Now the scene in Jerusalem was not particularly inviting for this type of sermon. They had just killed his master a month and a half earlier with this slow torturous execution. And now, in the very same city there are thousands of people gathered around. But in spite of the potentially hostile environment, Peter stands up and boldly proclaims the good news of Jesus. And in so doing I believe he presented for us a pattern for missional proclamation. Three elements of his sermon I submit to you should be a part of every Christian sermon. First of all, it is...


But this is what was uttered through the prophet Joel:

As Peter addresses their question, "What does this mean" and also addresses the mocking assertion that they are all drunk, he answers them by quoting from Joel 2:28-32. He gives clarity to the experience by pointing to it's biblical, scriptural, prophetic origin. What they just experienced and what the crowd had just witnessed was nothing less than a fulfillment of Biblical prophecy.

And what was the prediction of Joel that was fulfilled in Acts 2 at Pentecost? Verse 17: And in the last days it shall be, God declares, that I will pour out my Spirit on all flesh. Acts 1:17a The prophesy of Joel was that the Spirit of God would be poured out on all flesh, all humans, all nationalities and races and peoples. Before this day of Pentecost there was no provision for the abiding presence in the life of Old Testament believers. That's why David prayed in Psalm 51 - "Take not your Holy Spirit from me." In the Old Testament the Spirit of God came upon believers in unique ways for specific purposes. But the New Testament promise is that the Holy Spirit would be an abiding presence in the life of a believer throughout his life. That's what Jesus had told the disciples in this same Upper Room 50 days earlier: 16And I will ask the Father, and he will give you another Helper, to be with you forever, 17even the Spirit of truth, whom the world cannot receive, because it neither sees him nor knows him. You know him, for he dwells with you and will be in you. John 14:16-17

This Pentecost event of the Holy Spirit coming in power upon and inside of believers was the dawn of a new age - the age of Grace. So the dawn of this age was the sending of the Spirit - but Peter also mentions the dusk of the age which will include incredible cataclysmic events:

19And I will show wonders in the heavens above and signs on the earth below, blood, and fire, and vapor of smoke; 20the sun shall be turned to darkness and the moon to blood, before the day of the Lord comes, the great and magnificent day. Acts 1:19-20

That's the end, the dusk of the age of Grace. The sending of the Holy Spirit upon all flesh is the dawn of the age of Grace. But in between the dawn and the dusk is this promise that Peter quotes from Joel 2: And it shall come to pass that everyone who calls upon the name of the Lord shall be saved.’ Acts 1:21

We are in the age of grace right now. The Spirit has come in power, he indwells every believer empowering us for ministry; the great and awesome Day of the Lord has not yet occurred and so we repeat the invitation that Peter repeated - everyone who calls upon the name of the Lord shall be saved - everyone who calls upon the name of the Lord shall be saved!

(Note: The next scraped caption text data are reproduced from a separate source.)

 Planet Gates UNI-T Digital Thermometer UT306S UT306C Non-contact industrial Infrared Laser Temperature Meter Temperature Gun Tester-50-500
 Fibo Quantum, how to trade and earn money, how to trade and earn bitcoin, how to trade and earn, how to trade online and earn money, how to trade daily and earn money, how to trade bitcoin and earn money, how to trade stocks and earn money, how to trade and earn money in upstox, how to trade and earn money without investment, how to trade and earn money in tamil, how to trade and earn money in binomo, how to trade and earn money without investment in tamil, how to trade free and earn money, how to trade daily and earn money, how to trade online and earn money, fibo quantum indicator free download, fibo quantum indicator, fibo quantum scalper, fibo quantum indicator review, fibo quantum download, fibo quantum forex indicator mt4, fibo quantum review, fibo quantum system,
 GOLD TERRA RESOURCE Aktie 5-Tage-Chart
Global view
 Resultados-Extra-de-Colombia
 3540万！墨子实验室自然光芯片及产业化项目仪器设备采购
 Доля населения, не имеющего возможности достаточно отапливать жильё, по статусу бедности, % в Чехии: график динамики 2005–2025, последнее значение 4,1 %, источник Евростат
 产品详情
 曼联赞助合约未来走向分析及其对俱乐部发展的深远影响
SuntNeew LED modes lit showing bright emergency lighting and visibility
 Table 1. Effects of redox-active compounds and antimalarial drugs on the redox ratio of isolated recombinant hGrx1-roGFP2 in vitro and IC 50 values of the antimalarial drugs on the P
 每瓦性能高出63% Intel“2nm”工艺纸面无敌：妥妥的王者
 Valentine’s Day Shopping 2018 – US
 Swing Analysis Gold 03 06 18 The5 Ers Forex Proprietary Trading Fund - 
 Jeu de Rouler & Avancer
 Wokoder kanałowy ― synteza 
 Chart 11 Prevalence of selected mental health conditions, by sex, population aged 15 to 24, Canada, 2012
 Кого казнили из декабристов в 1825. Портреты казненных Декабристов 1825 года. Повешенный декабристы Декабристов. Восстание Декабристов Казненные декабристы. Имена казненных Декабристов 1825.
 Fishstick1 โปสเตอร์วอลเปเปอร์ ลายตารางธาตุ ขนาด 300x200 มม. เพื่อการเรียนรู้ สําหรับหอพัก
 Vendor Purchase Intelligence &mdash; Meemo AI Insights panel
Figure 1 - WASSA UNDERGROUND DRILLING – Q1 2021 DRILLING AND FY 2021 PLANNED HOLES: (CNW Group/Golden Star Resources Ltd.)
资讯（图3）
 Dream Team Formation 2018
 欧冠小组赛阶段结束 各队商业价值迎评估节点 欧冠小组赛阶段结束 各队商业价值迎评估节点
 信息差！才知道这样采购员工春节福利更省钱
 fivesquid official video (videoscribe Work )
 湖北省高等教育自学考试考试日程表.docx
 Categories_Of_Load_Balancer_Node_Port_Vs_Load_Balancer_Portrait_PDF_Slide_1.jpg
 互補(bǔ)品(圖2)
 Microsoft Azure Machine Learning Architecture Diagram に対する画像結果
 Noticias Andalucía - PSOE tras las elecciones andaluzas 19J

And so here we have Peter, in his inaugural sermon, reaching back into the Old Testament and grabs the perfect Scripture, and holds it forth before the people. How could he do that? How could he so masterfully apply these four verses from the 2nd chapter of Joel to this event at Pentecost. I would suggest it's because not only was he full of the Holy Spirit, but he was full of the Scripture.

Remember, this was an on-the-spot, extemporaneous sermon. He hadn't prepared his remarks, he didn't have his notes in front of him from the 20 hours of study and research he had done the week before. This was simply an overflow of the truth of God's word that had already saturated his life. I surmise that what happened was Jesus had pointed Peter to this Scripture and Peter had set it to his heart. Remember, Jesus was with the disciples for 40 days after his resurrection and before his ascension. And during that 40 days he was communicating to them from the Old Testament Scriptures all the things concerning himself. Acts 1:3 says as much: He presented himself alive to them after his suffering by many proofs, appearing to them during forty days and speaking about the kingdom of God. Acts 1:3

So Peter was saturated with Bible because Jesus had poured it into him, throughout his earthly ministry but also following his resurrection. And can you imagine the intensity with which Peter and the other disciples listened to Jesus after his resurrection? I mean, there's no doubt Jesus was the greatest teacher who ever lived and he was spellbinding during those three years of his ministry. But following his resurrection, here he is, the one who was dead and is now alive speaking to you about the kingdom and the things to come. You would be hanging on his every word.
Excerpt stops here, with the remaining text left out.